BodyPoseNet must be trained and deployed by the user.

Let us say we have a new body pose estimation TLT model that we would like to deploy
for int8 or fp16 inference. Follow these steps to deploy it into the TLT CV Inference Pipeline:

1. Stop the Triton Server using :code:`ctrl-c`.
2. Enter the Quick Start Scripts folder, use :code:`source` on :code:`config.sh`, and change directories into the model location:

   .. code-block:: bash

    source config.sh
    pushd ${models_location}/tlt_bpnet_custom

3. Add the new TLT model in this folder and name it :code:`model.etlt`.
4. (Optional) For int8 calibration, place the calibration file in this same folder and name it :code:`calibration.bin`.
5. Change the directory back to the Quick Start scripts folder and run the following, which uses
   the :code:`tlt-converter` to generate a TensorRT model that will work with the Inference Pipeline.

   Choose which command to execute based on the existence of the calibration file or
   preference. Since the width and height of BodyPoseNet is flexible, one can alter the defaults
   using the :code:`-w` and :code:`-h` flags. Refer to :ref:`Body Pose Estimation Configuration<tlt_cv_inf_body_pose_estimation_configuration>` section
   for more details on further steps when modifying the default values.

   .. code-block:: bash

    popd
    bash tlt_cv_compile.sh -m bodypose_int8 -k $ENCODING_KEY -w 384 -h 288
    bash tlt_cv_compile.sh -m bodypose_fp16 -k $ENCODING_KEY -w 384 -h 288

   This will automatically drop the TensorRT model into the Triton Server models location.
   Ensure that the conversion is successful.

6. Start the Triton Server again and ensure the startup is successful.

   .. code-block:: bash

        +----------------------------------+---------+------------------------------------------+
        | Model                            | Version | Status                                   |
        +----------------------------------+---------+------------------------------------------+
        | ...                              | ...     | ...                                      |
        | bodypose_384x288_ensemble_tlt    | 1       | READY                                    |
        | bodypose_384x288_postprocess_tlt | 1       | READY                                    |
        | bodypose_384x288_tlt             | 1       | READY                                    |
        | ...                              | ...     | ...                                      |


Note that this deployment will overwrite any previous :code:`model.plan` that exists in this
folder in the model repository, and that this location is shared between the int8 and fp16 versions.

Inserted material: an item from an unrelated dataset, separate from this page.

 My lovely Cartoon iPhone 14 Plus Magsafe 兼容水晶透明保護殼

Body Pose Estimation Configuration
""""""""""""""""""""""""""""""""""

.. _tlt_cv_inf_body_pose_estimation_configuration:

The BodyPoseNet TLT model can be converted with a wide set of width and height parameters. Refer to the training
documentation for constraints.

Using the Quick Start script :code:`tlt_cv_compile.sh`, the width and height flags simplify this conversion
step. Let us say we want to have a smaller network input size of :code:`width = 320` and :code:`height = 224`.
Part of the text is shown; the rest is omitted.